Ces deux remarques, qui portent sur les points essentiels du projet de loi et sa discussion ici même, expliquent notre abstention.
Souhaitons, madame la ministre, que la navette parlementaire permettra de revenir sur les reculs votés ici par la majorité sénatoriale et d'améliorer encore le texte initial !
Je suis persuadé que vous aurez à coeur d'oeuvrer en ce sens, en poursuivant l'importante réforme de la justice, si nécessaire et que vous avez vigoureusement mise en oeuvre.
M. le président. La parole est à M. Badinter.
M. Robert Badinter. Le groupe socialiste, unanime, votera avec plaisir le texte qui résulte de nos travaux.

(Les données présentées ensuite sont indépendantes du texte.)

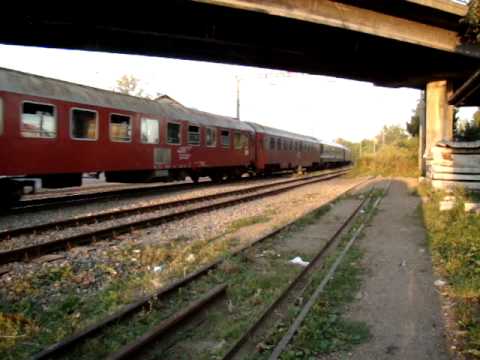 Gararea in statia Suceava Nord a unui P spre Pascani & A1852 Suceava Nord - Mangalia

Un certain nombre d'orateurs avaient remarqué la diversité de son contenu. C'est vrai que son unité profonde, je la vois surtout dans la volonté, que nous saluons et que nous soutiendrons, de Mme la garde des sceaux de faire progresser l'institution judiciaire, qu'il s'agisse de son fonctionnement ou des garanties des justiciables !
J'ai eu le sentiment - je le lui dis avec toute l'amitié et l'admiration que je lui porte - qu'elle était peut-être quelque peu heurtée par l'accumulation des termes, la mosaïque, « le patchwork », la diversité, que sais-je encore ! Non, madame la garde des sceaux, ne le soyez pas !

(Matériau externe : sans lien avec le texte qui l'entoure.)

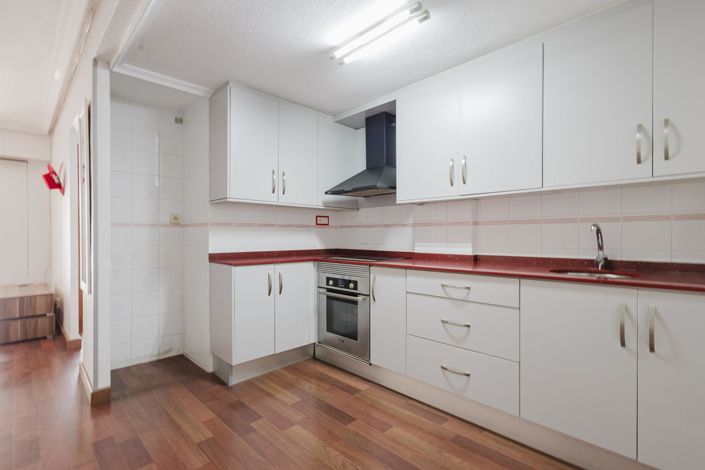 Image No.12-3 Bed Apartment for sale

D'abord, c'est vrai que la procédure offre tant d'aspects qu'il est difficile de ne pas les réunir en un faisceau que vous liez par votre volonté.
Et puis, très franchement, parmi les meilleurs poèmes que nous connaissons, l' Inventaire de Prévert n'est-il pas ravissant ? Je vous laisse le soin de trouver le raton-laveur de ce texte ! (Sourires. - Applaudissements sur les travées socialistes.)

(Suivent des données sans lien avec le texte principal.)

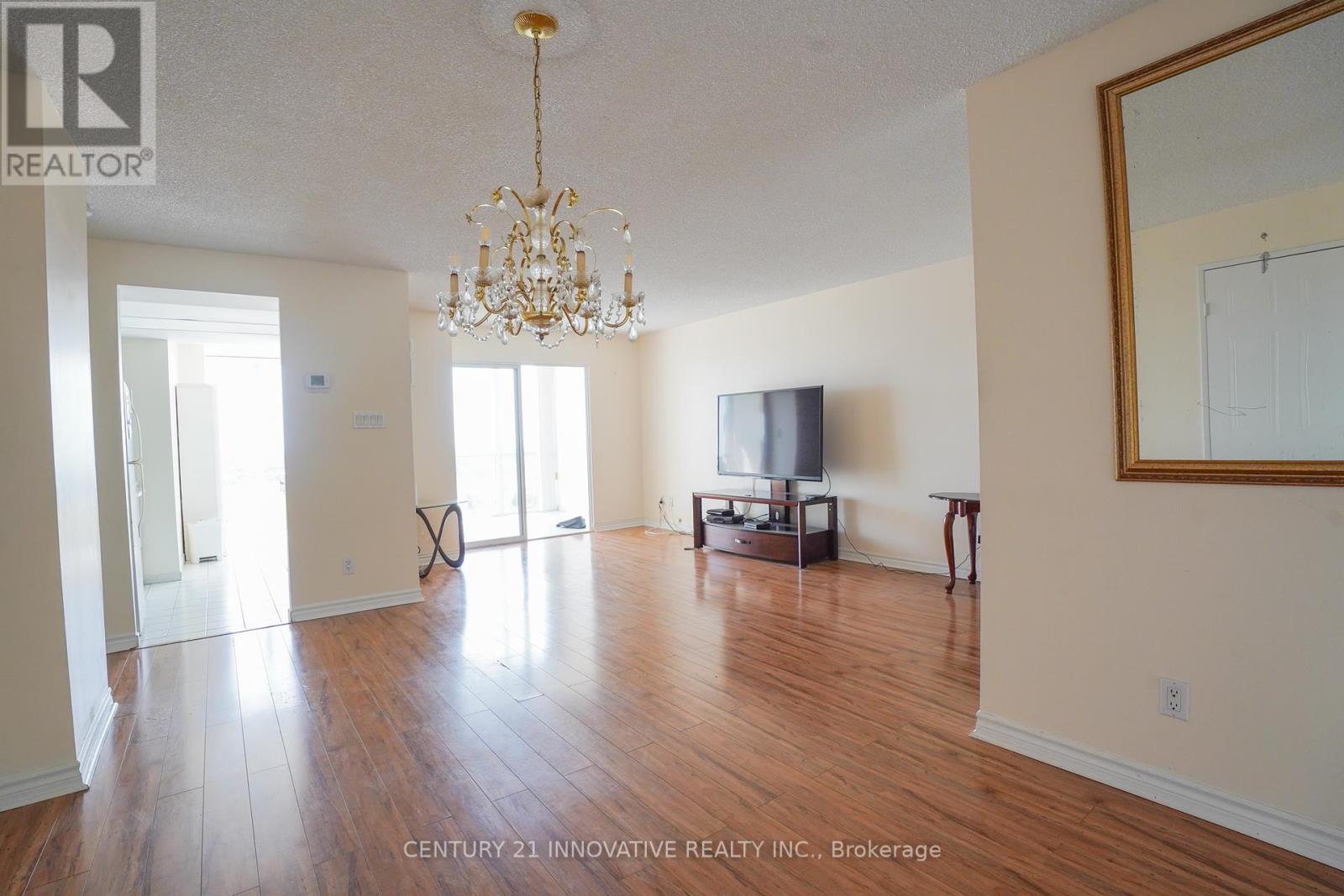 916 - 11753 Sheppard Avenue E, Toronto, Ontario  M1B 5M3 - Photo 6 - E12412486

M. le président. La parole est à M. Souplet.
M. Michel Souplet. Le groupe de l'Union centriste votera ce texte, car des avancées très sérieuses ont été faites.
Avant-hier, alors que nous évoquions ce débat au sein de notre groupe, l'un de mes amis m'a dit qu'en fait nous n'allions entendre que les avocats. C'est un peu vrai, on a beaucoup entendu les avocats. Mais, j'en suis ravi ; j'aimerais avoir les mêmes facilités d'expression qu'eux pour défendre mes thèses quand j'ai à le faire !
Madame le ministre, j'ai un peu l'impression de m'exprimer au nom d'une grande majorité de Français, qui, parce qu'ils croient en leur justice, souhaitent qu'elle soit effectivement plus rapide.
Un de mes amis conciliateur à Compiègne me disait récemment qu'en général on lui confie - est-ce le président du tribunal, est-ce le procureur : je ne sais pas ? - une vingtaine de litiges à régler par semaine ; 90 % de ces litiges sont réglés et n'encombrent donc plus la justice.
Ne pourrait-on augmenter cette possibilité offerte de « soulager » les tribunaux de petits dossiers qui pourraient être assez facilement réglés ? En effet, il suffit parfois que des hommes se rencontrent pour que les choses s'en trouvent facilitées. C'est, en tout cas, un souhait que j'exprime.
M. le président. La parole est à M. Robert.
M. Jean-Jacques Robert. Monsieur le président, madame le ministre, mes chers collègues, je ne reviendrai pas sur ce qui s'est passé ce matin. Je ferai simplement remarquer que, de ce fait, les amendements de MM. Haenel et Pluchet n'ont pas pu être défendus, ce qui a nui à l'évolution du texte et, par la même, à sa qualité.
Pour ma part, je ne parlerai pas de patchwork. Je dirai plutôt que nous avons fait un travail de fourmi qui était utile parce que nécessaire.
Pour les personnes intéressées, nos concitoyens, ce travail a tendu à rendre plus simples certain actes, certaines procédures, certaines démarches, c'est-à-dire le fonctionnement de notre justice.
Je veux saluer le travail de notre rapporteur, M. Fauchon, et sa volonté marquée d'améliorer ce texte.
Je joins ma voix à celle de M. Hyest pour déplorer que l'intervention de M. Millaud sur la situation des TOM soit restée sans réponse. Cette réponse, il faudra la lui apporter.
En ce qui les concerne, les membres du groupe du RPR voteront ce texte.
M. le président. Personne ne demande plus la parole ?...
Je mets aux voix l'ensemble du projet de loi.